A faithful copy is needed. Set down all of the data below exactly.

[Stored entries]
####################

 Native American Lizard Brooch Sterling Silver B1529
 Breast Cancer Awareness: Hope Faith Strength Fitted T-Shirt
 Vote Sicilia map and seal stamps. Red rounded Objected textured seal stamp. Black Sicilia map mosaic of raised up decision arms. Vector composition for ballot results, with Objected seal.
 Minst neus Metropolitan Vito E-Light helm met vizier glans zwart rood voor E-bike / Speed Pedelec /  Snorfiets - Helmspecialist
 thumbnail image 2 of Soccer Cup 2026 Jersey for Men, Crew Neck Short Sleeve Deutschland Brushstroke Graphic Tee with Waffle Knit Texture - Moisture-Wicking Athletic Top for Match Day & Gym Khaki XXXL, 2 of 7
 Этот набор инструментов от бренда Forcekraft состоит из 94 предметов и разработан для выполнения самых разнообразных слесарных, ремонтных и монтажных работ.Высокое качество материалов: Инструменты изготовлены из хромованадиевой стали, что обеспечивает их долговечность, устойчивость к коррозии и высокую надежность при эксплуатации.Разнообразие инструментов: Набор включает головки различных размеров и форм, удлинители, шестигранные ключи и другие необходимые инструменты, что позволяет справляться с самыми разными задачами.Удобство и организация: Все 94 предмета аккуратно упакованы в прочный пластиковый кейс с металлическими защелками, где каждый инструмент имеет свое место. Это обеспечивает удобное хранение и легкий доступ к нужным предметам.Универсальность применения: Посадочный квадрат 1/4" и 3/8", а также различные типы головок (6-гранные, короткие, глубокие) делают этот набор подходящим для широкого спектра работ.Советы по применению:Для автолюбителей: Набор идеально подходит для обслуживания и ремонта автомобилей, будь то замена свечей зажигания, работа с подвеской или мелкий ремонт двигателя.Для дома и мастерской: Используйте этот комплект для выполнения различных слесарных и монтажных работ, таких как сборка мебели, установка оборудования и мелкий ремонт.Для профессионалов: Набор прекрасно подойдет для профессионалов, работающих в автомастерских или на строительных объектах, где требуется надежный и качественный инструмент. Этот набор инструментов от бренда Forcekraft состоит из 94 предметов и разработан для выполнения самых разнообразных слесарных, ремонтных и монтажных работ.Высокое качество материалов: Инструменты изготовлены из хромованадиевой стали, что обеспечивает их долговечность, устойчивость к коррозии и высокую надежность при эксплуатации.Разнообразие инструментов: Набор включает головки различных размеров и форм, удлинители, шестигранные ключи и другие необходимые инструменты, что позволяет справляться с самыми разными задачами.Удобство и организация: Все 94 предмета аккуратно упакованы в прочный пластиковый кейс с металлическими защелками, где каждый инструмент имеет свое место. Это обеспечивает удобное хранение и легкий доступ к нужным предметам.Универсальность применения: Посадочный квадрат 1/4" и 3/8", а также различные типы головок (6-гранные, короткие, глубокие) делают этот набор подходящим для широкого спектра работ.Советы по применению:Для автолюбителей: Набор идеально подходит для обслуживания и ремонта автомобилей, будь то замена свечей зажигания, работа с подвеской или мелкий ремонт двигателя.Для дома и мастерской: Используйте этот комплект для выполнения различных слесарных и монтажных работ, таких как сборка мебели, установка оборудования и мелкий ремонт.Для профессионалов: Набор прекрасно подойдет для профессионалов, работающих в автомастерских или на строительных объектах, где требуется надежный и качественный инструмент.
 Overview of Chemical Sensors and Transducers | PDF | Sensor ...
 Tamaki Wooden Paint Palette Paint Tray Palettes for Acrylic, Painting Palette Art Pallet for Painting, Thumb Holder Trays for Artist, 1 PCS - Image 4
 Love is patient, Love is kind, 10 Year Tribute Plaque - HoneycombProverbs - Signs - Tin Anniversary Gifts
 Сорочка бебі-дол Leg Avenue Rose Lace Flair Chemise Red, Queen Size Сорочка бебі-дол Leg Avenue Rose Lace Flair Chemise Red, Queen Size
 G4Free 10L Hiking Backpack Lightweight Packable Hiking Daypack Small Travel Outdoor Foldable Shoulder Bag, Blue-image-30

####################

RESULT BELOW
 Native American Lizard Brooch Sterling Silver B1529
 Breast Cancer Awareness: Hope Faith Strength Fitted T-Shirt
 Vote Sicilia map and seal stamps. Red rounded Objected textured seal stamp. Black Sicilia map mosaic of raised up decision arms. Vector composition for ballot results, with Objected seal.
 Minst neus Metropolitan Vito E-Light helm met vizier glans zwart rood voor E-bike / Speed Pedelec /  Snorfiets - Helmspecialist
 thumbnail image 2 of Soccer Cup 2026 Jersey for Men, Crew Neck Short Sleeve Deutschland Brushstroke Graphic Tee with Waffle Knit Texture - Moisture-Wicking Athletic Top for Match Day & Gym Khaki XXXL, 2 of 7
 Этот набор инструментов от бренда Forcekraft состоит из 94 предметов и разработан для выполнения самых разнообразных слесарных, ремонтных и монтажных работ.Высокое качество материалов: Инструменты изготовлены из хромованадиевой стали, что обеспечивает их долговечность, устойчивость к коррозии и высокую надежность при эксплуатации.Разнообразие инструментов: Набор включает головки различных размеров и форм, удлинители, шестигранные ключи и другие необходимые инструменты, что позволяет справляться с самыми разными задачами.Удобство и организация: Все 94 предмета аккуратно упакованы в прочный пластиковый кейс с металлическими защелками, где каждый инструмент имеет свое место. Это обеспечивает удобное хранение и легкий доступ к нужным предметам.Универсальность применения: Посадочный квадрат 1/4" и 3/8", а также различные типы головок (6-гранные, короткие, глубокие) делают этот набор подходящим для широкого спектра работ.Советы по применению:Для автолюбителей: Набор идеально подходит для обслуживания и ремонта автомобилей, будь то замена свечей зажигания, работа с подвеской или мелкий ремонт двигателя.Для дома и мастерской: Используйте этот комплект для выполнения различных слесарных и монтажных работ, таких как сборка мебели, установка оборудования и мелкий ремонт.Для профессионалов: Набор прекрасно подойдет для профессионалов, работающих в автомастерских или на строительных объектах, где требуется надежный и качественный инструмент. Этот набор инструментов от бренда Forcekraft состоит из 94 предметов и разработан для выполнения самых разнообразных слесарных, ремонтных и монтажных работ.Высокое качество материалов: Инструменты изготовлены из хромованадиевой стали, что обеспечивает их долговечность, устойчивость к коррозии и высокую надежность при эксплуатации.Разнообразие инструментов: Набор включает головки различных размеров и форм, удлинители, шестигранные ключи и другие необходимые инструменты, что позволяет справляться с самыми разными задачами.Удобство и организация: Все 94 предмета аккуратно упакованы в прочный пластиковый кейс с металлическими защелками, где каждый инструмент имеет свое место. Это обеспечивает удобное хранение и легкий доступ к нужным предметам.Универсальность применения: Посадочный квадрат 1/4" и 3/8", а также различные типы головок (6-гранные, короткие, глубокие) делают этот набор подходящим для широкого спектра работ.Советы по применению:Для автолюбителей: Набор идеально подходит для обслуживания и ремонта автомобилей, будь то замена свечей зажигания, работа с подвеской или мелкий ремонт двигателя.Для дома и мастерской: Используйте этот комплект для выполнения различных слесарных и монтажных работ, таких как сборка мебели, установка оборудования и мелкий ремонт.Для профессионалов: Набор прекрасно подойдет для профессионалов, работающих в автомастерских или на строительных объектах, где требуется надежный и качественный инструмент.
 Overview of Chemical Sensors and Transducers | PDF | Sensor ...
 Tamaki Wooden Paint Palette Paint Tray Palettes for Acrylic, Painting Palette Art Pallet for Painting, Thumb Holder Trays for Artist, 1 PCS - Image 4
 Love is patient, Love is kind, 10 Year Tribute Plaque - HoneycombProverbs - Signs - Tin Anniversary Gifts
 Сорочка бебі-дол Leg Avenue Rose Lace Flair Chemise Red, Queen Size Сорочка бебі-дол Leg Avenue Rose Lace Flair Chemise Red, Queen Size
 G4Free 10L Hiking Backpack Lightweight Packable Hiking Daypack Small Travel Outdoor Foldable Shoulder Bag, Blue-image-30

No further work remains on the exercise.